Resolution: Share all encoder layers. The memory efficiency (68M vs 198M) and latency benefit (1 forward pass vs 3) dominate over the marginal quality differences.
Research Paper References
1. Multi-Task Learning Using Uncertainty to Weigh Losses (Kendall et al., 2018)
Key contribution: Introduced homoscedastic uncertainty weighting for MTL — task weights are derived from the task-specific noise variance, which is learned jointly with the model parameters. This eliminates the need to manually tune task weights and automatically adapts during training. The paper proved this approach on computer vision (semantic segmentation + depth estimation + instance segmentation).

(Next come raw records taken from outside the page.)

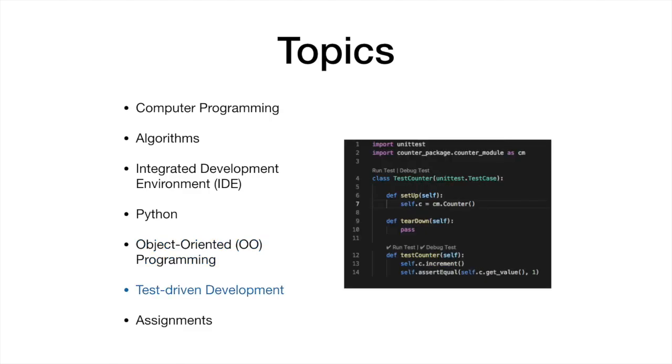To promote good coding habits, we introduce test-driven development, a practice borrowed from agile development.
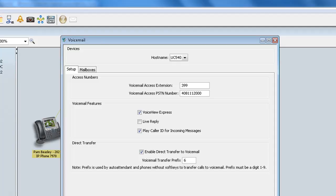Directly below that, we have the Voicemail Access PSTN number, which is the external PSTN number for voicemail access. And typically, this is going to be a 10-digit phone number that you're going to dial. So I've gone ahead and entered a phone number.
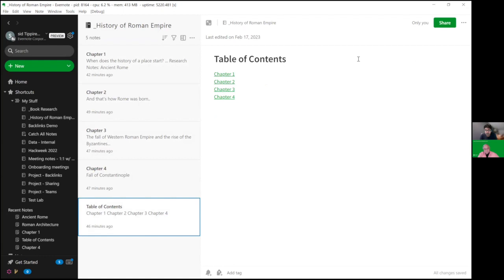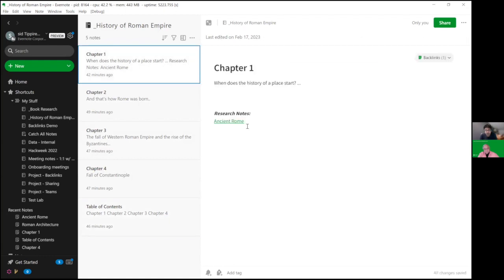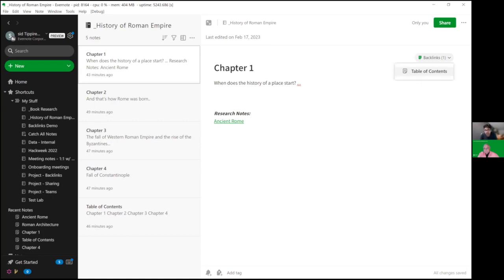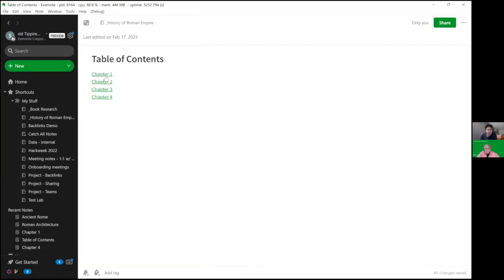Let's say we go to chapter one. Over here, you'll see there's this new thing that has popped up in the corner of the editor. It says 'backlinks' and it counts the number of backlinks that are in the dropdown menu at the moment. So when I click on that, I'll see 'table of contents,' which is the originating note. When I click on that, it takes me back to table of contents.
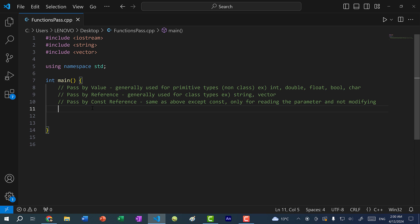Hey there, hope you're having a wonderful day. In this video, we're going to continue the topic on functions and talk about function parameters. With parameters, you can pass by value, by reference, or by const reference. We're going to go over each situation and when to use each one.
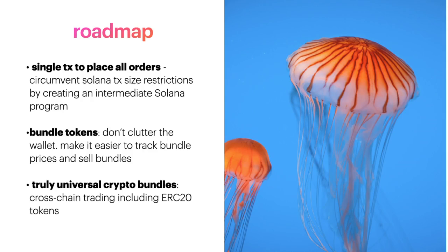So let's talk about the roadmap really quick. There's three things that would be awesome to include. One, a more seamless user experience would be using a single transaction to place all orders no matter how many coins are in a bundle. Unfortunately, due to Solana transaction size restrictions, we can't right now, but there are methods to do that.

Relevance to MangaAssist: Uncertainty weighting is our primary balancing strategy. It correctly downweights the noisy NER task during early training and upweights it as the shared representations improve. The automatic weight adaptation saves us from extensive hyperparameter searches.
2. GradNorm: Gradient Normalization for Adaptive Loss Balancing (Chen et al., 2018)
Key contribution: Normalized gradient magnitudes across tasks by dynamically adjusting task weights. Introduced the asymmetry parameter $\alpha$ that controls how aggressively the algorithm balances tasks based on their training speed. Higher $\alpha$ forces more equal convergence rates across tasks.
Relevance to MangaAssist: GradNorm serves as our secondary balancing strategy. It is particularly useful when tasks have very different convergence speeds — which happens when we add a new task to an existing MTL model and need to catch up the new task without degrading established ones.
3. Gradient Surgery for Multi-Task Learning (Yu et al., 2020)
Key contribution: Identified that conflicting gradients (negative cosine similarity) are a primary cause of negative transfer in MTL. PCGrad projects conflicting gradients onto non-conflicting directions, provably reducing the variance of the combined gradient. The paper showed improvements across multi-task RL, NLP, and vision benchmarks.
Relevance to MangaAssist: PCGrad resolves the 15-25% of conflicting batches in our training. While we don't use it by default (computational overhead), understanding gradient conflicts helped us diagnose why our initial MTL model underperformed on NER — the intent gradient was dominating the shared layers.
Production Results
MTL vs Separate Models
| Metric | Separate Models | MTL (Uncertainty) | Change |
|---|---|---|---|
| Intent accuracy | 92.1% | 91.8% | -0.3% |
| Sentiment F1 | 84.2% | 85.1% | +0.9% |
| NER F1 | 78.0% | 79.2% | +1.2% |
| Combined latency | 37ms | 18ms | -51% |
| Memory (INT8) | 198MB | 70MB | -65% |
| Monthly cost (compute) | $42 | $15 | -64% |
ROI Analysis
Memory savings: 128MB freed on GPU → can fit larger KV cache for LLM → supports 20% more concurrent users.
Latency savings: 19ms freed in pipeline → reduces P99 from 720ms to 701ms → better user experience.
Cost savings: $27/month × 12 = $324/year. Training cost: one-time $8 for MTL retraining on g5.xlarge.
Net annual benefit: $316 in compute + 20% more concurrency + positive transfer on sentiment (+0.9%) and NER (+1.2%).